Mais ce cri fend la surface, la déstabilise. Il ouvre une brèche. Quelque chose se dérègle dans l’ordre silencieux de sa vie. Elle y revient, comme fascinée. Elle écoute Chauvin, ancien employé de son mari, ouvrier désœuvré, bavard et mystérieux, lui raconter l’histoire du meurtre, imaginer les gestes, les regards, le sang. Et elle reste. Et elle revient.
Quelque chose se réveille en elle. Quelque chose s’agite. Entre ces rencontres, elle tente de maintenir son rôle de femme rangée. Elle accompagne son fils à l’école. Elle l’observe, comprend qu’il se dissocie d’elle. Le lien se distend. Son enfant devient étranger. Le cadre maternel se craquelle.
Et dans ce détachement, elle entrevoit une brèche : la possibilité de redevenir autre chose que la mère.
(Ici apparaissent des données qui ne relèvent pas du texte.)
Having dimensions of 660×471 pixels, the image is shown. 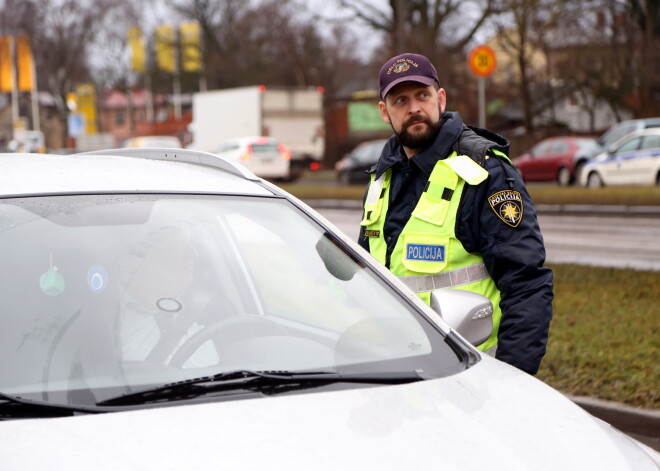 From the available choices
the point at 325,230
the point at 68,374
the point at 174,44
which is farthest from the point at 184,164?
the point at 174,44

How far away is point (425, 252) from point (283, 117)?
37.3 m

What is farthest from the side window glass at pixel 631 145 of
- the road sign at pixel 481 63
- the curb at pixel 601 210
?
the road sign at pixel 481 63

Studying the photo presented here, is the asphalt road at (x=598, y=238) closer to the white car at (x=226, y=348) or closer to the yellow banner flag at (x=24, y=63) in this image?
the white car at (x=226, y=348)

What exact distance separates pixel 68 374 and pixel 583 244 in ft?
44.4

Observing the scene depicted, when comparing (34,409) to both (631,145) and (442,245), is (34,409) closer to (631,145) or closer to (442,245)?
(442,245)

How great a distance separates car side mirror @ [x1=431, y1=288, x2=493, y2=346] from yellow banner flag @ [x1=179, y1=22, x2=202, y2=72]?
62.1m

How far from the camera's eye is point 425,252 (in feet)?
12.6

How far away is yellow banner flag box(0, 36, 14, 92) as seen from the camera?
62.6m

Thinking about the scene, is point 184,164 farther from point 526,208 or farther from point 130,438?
point 130,438

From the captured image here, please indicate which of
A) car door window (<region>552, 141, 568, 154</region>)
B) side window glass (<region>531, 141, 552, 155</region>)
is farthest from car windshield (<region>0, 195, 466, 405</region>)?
side window glass (<region>531, 141, 552, 155</region>)

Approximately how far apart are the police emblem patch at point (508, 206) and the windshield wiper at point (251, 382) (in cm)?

Peut-être redevenir femme. Peut-être redevenir corps. Peut-être même corps de désir.
Mais elle ne peut pas simplement revenir en arrière.
Il faut traverser.
Chaque jour, elle revient. Chaque jour, elle boit un peu plus. Le rouge monte, s’impose, dans le tricot de la tenancière, dans le petit bateau. Le désir aussi, rouge aussi.
Un soir, elle reçoit, moment clé.
Le mari est là, des invités aussi. On parle politique, avec distance, avec fatuité. Anne est absente. Elle regarde son fils, elle regarde la pièce, et soudain elle se lève. Elle ne dit rien. Elle quitte la table, sans explication. Et s’en va. Elle n’était déjà plus là.
Elle retourne au café.
Mais cette fois, elle est seule. Elle a laissé son fils derrière. Elle a quitté le cadre.
Elle arrive. Elle s’installe. Elle attend Chauvin. Et là, le désir éclate… un baiser, un seul.
Chauvin dit :
— « Je voudrais que vous soyez morte. » dans une expression brutale d’un désir sans issue, une tentative de dire l’impasse où il se trouve face à Anne.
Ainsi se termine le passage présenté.